Bayesian regression is a statistical method that uses Bayes’ theorem to estimate the probability distribution of model parameters given the observed data. The process involves defining a prior distribution for the parameters, updating this distribution using the observed data through Bayes’ theorem, and obtaining the posterior distribution of the parameters.

The following steps outline the process of developing a Bayesian linear regression model:

1. Defining the model: We define the linear regression model, where the dependent variable is a linear combination of the independent variables with Gaussian noise.

2. Specifying prior distributions: We assign prior distributions for the model parameters. This can be done using a conjugate prior if available; otherwise, a noninformative prior can be used.

3. Calculating the posterior distribution: We use Bayes’ theorem to calculate the posterior distribution of the parameters given the observed data.
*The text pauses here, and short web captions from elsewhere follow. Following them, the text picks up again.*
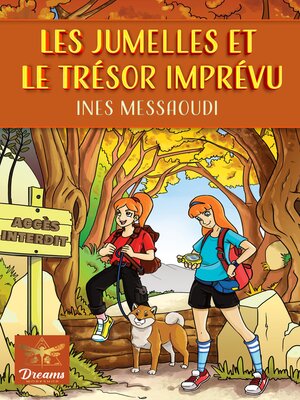 cover image of Les jumelles et le trésor imprévu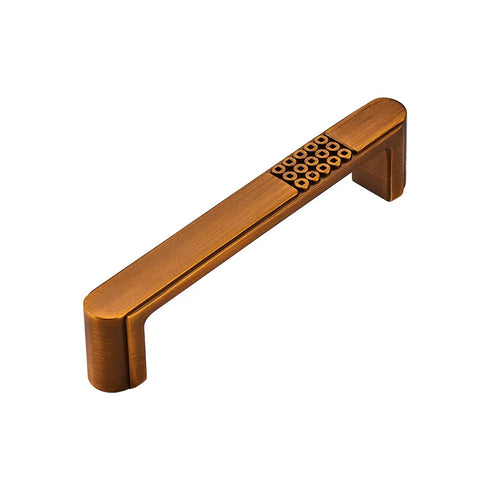 JAYA  New Chinese Style Zinc Alloy Wardrobe Door Handle Gold Cabinet Long Handle Door Knob Drawer Pull Nordic Furniture Handles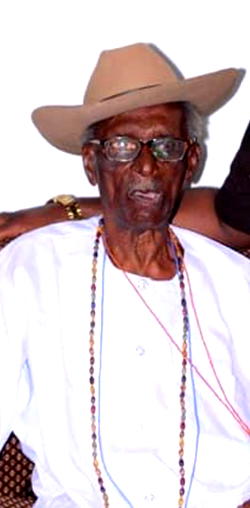 Ereyitomi felicitates with Second Republic lawmaker, Pa. Pessu at 100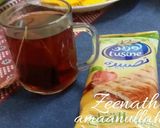 A picture of step 3 of Simple Lipton Black Tea.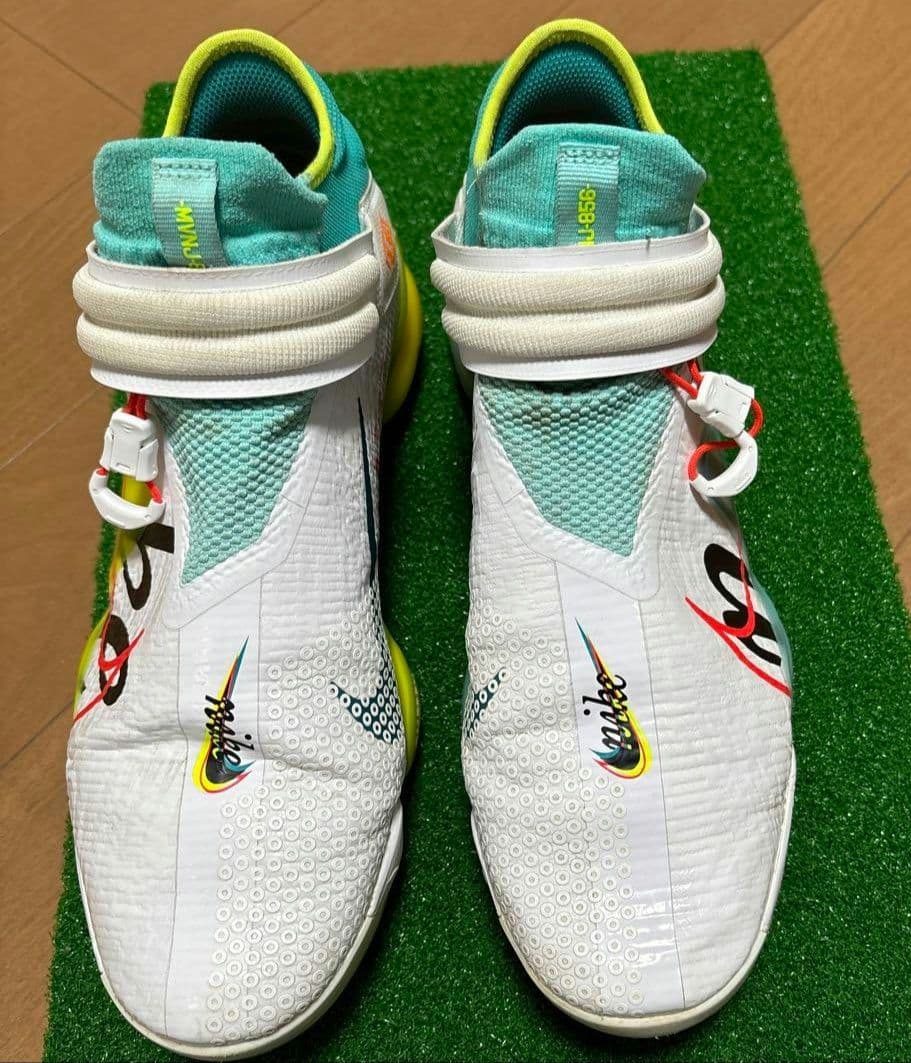 NIKE 野球スパイク マイクトラウトモデル 28.5cm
This involves multiplying the likelihood of the observed data presented in the parameters by the prior distribution of the parameters.

4. Obtaining point estimates: Once we calculate the posterior distribution, we obtain point estimates for the parameters using the MAP estimator or the mean of the posterior distribution.

5. Making predictions: We make predictions for new data by obtaining the predictive distribution, the distribution of the dependent variable given the independent variables, and the parameters.

6. Comparing models: Finally, we compare multiple models using model selection criteria such as the Bayesian information criteria (BIC) or the deviance information criterion (DIC) to choose the best-fitting model.